Given data:
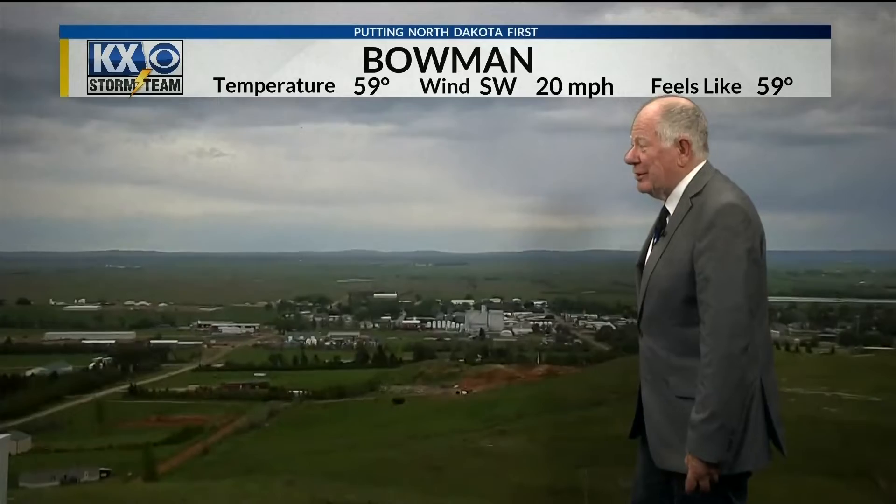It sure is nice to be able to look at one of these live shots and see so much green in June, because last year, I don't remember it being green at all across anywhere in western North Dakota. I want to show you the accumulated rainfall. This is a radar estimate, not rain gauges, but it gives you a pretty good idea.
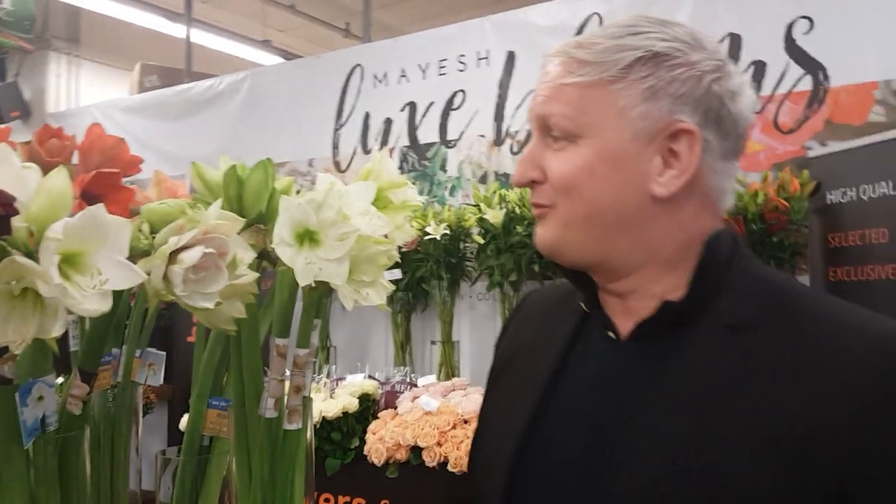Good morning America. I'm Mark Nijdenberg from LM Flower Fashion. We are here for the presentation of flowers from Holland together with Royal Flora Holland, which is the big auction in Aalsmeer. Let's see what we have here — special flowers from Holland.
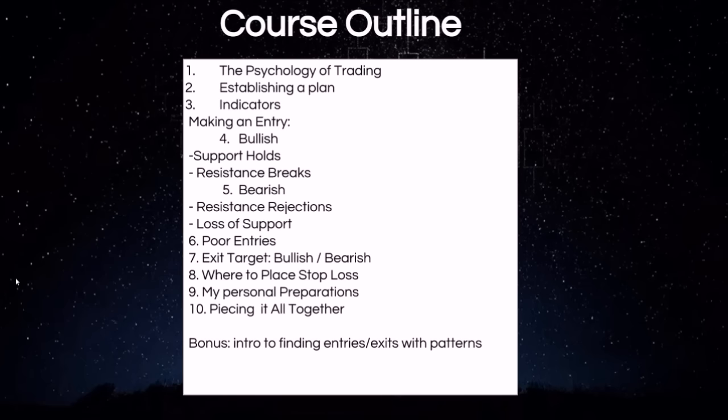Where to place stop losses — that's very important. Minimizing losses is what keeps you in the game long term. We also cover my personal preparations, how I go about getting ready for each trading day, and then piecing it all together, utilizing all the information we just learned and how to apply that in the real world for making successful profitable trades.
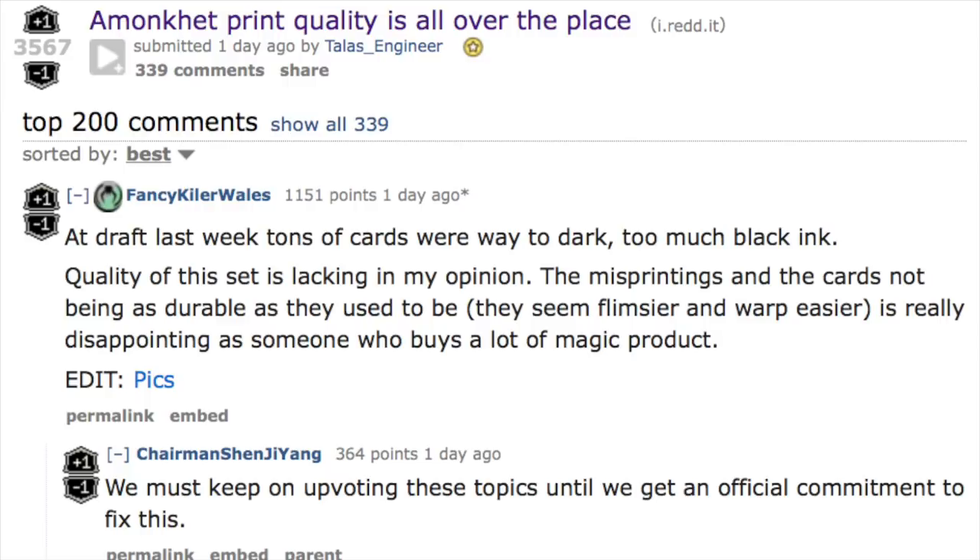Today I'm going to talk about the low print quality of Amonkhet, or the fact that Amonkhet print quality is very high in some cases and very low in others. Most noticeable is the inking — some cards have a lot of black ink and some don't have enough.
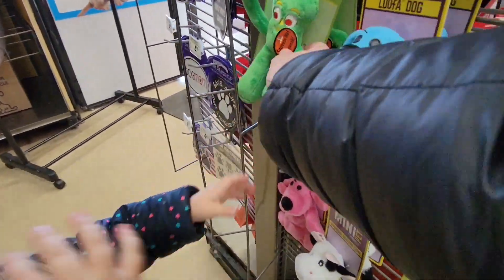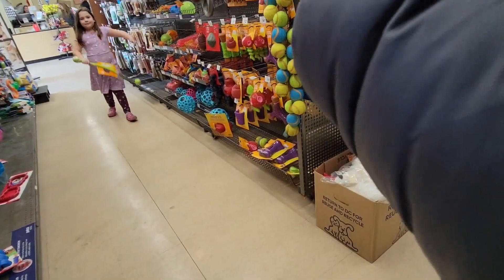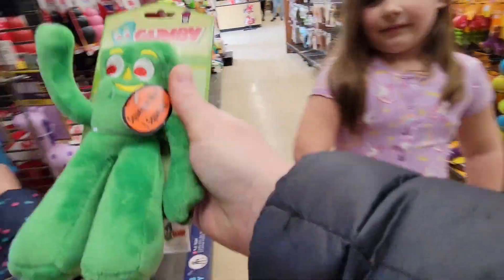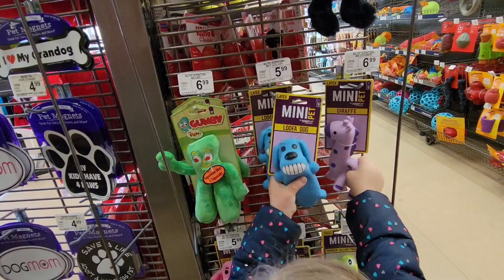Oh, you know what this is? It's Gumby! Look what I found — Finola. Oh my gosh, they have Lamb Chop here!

==

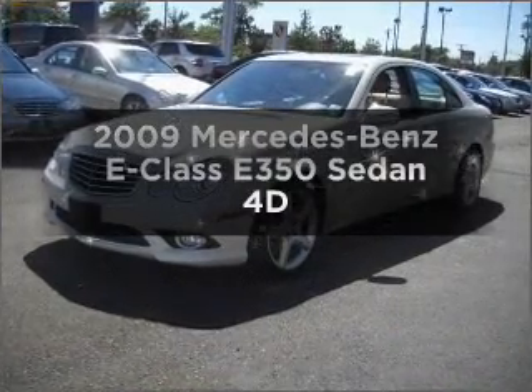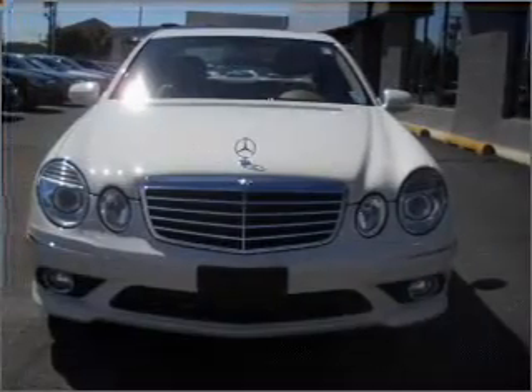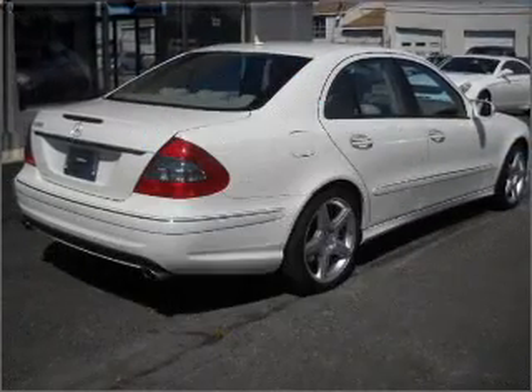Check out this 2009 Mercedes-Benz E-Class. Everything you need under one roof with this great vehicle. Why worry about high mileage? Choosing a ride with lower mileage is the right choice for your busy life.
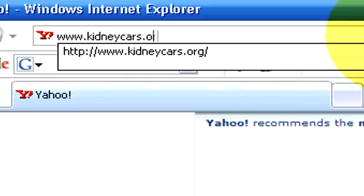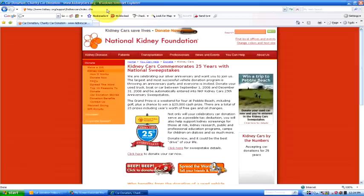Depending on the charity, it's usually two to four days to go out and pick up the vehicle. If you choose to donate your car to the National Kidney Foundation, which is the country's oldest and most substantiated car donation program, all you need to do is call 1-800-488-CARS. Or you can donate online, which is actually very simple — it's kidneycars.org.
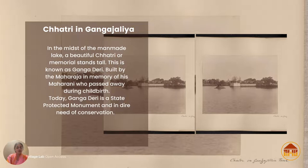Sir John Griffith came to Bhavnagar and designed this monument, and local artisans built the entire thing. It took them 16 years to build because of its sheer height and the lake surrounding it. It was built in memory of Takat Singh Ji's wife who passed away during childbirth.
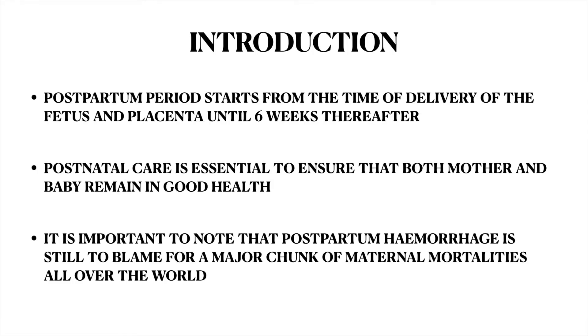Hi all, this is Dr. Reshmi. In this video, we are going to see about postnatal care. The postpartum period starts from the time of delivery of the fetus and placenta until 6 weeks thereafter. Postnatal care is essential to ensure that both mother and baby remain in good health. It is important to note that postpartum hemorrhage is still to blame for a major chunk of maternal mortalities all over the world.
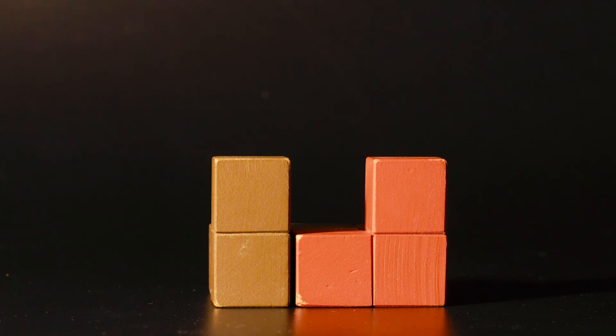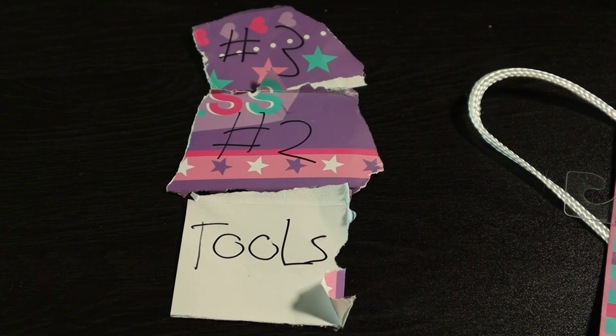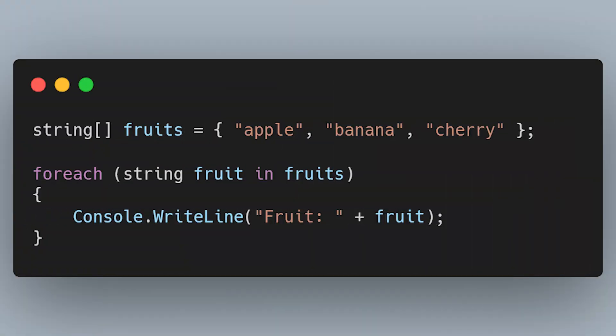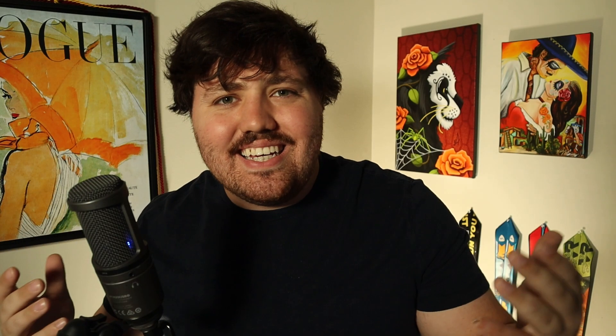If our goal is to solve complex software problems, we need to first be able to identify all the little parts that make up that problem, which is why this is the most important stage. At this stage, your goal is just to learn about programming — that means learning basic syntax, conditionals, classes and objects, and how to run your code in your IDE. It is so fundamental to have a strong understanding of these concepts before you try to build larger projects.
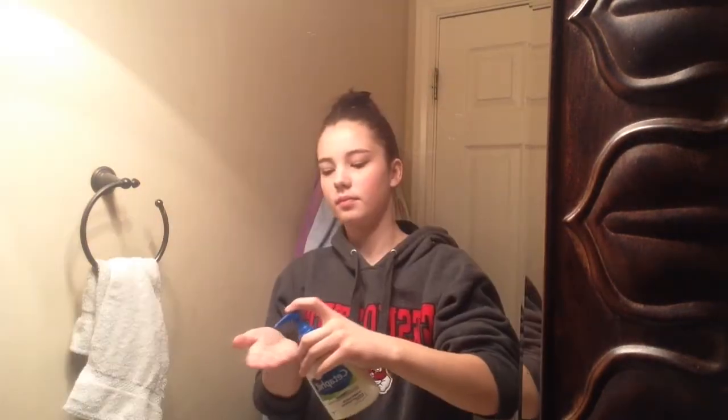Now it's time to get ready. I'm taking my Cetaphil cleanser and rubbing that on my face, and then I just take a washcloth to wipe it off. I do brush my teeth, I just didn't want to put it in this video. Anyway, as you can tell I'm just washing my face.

==

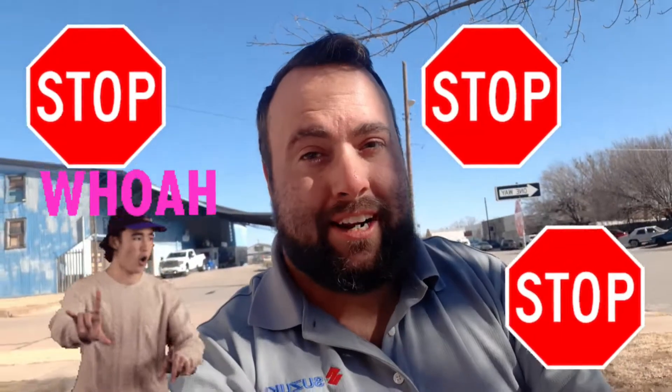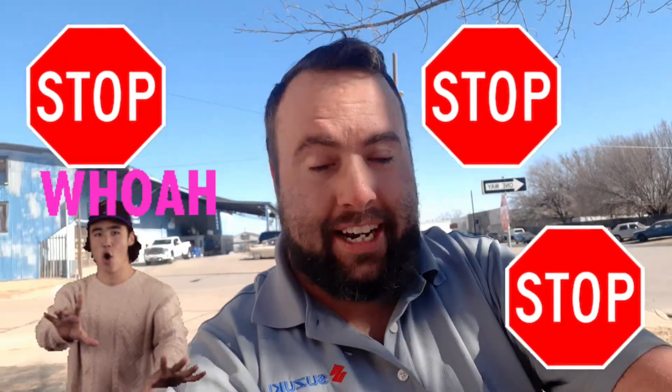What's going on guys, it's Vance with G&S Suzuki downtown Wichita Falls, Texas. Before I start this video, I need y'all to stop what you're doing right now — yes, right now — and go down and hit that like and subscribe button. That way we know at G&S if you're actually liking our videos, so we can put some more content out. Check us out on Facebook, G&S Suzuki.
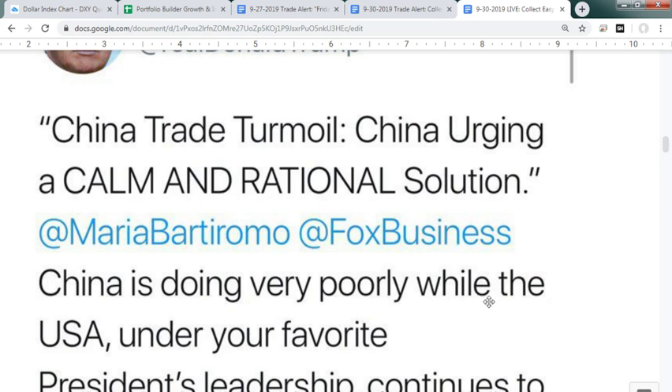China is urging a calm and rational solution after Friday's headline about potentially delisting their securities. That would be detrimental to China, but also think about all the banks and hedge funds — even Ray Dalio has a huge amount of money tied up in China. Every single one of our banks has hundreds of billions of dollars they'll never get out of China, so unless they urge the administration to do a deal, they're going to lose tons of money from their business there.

Assigned task:
An exact copy is needed of the stretch above that opens with the line containing "If our goal" and closes with the line containing "Now it's time"; the pictures are not part of it.

Result for this exercise:
If our goal is to solve complex software problems, we need to first be able to identify all the little parts that make up that problem, which is why this is the most important stage. At this stage, your goal is just to learn about programming — that means learning basic syntax, conditionals, classes and objects, and how to run your code in your IDE. It is so fundamental to have a strong understanding of these concepts before you try to build larger projects.
Now it's time to get ready. I'm taking my Cetaphil cleanser and rubbing that on my face, and then I just take a washcloth to wipe it off. I do brush my teeth, I just didn't want to put it in this video. Anyway, as you can tell I'm just washing my face.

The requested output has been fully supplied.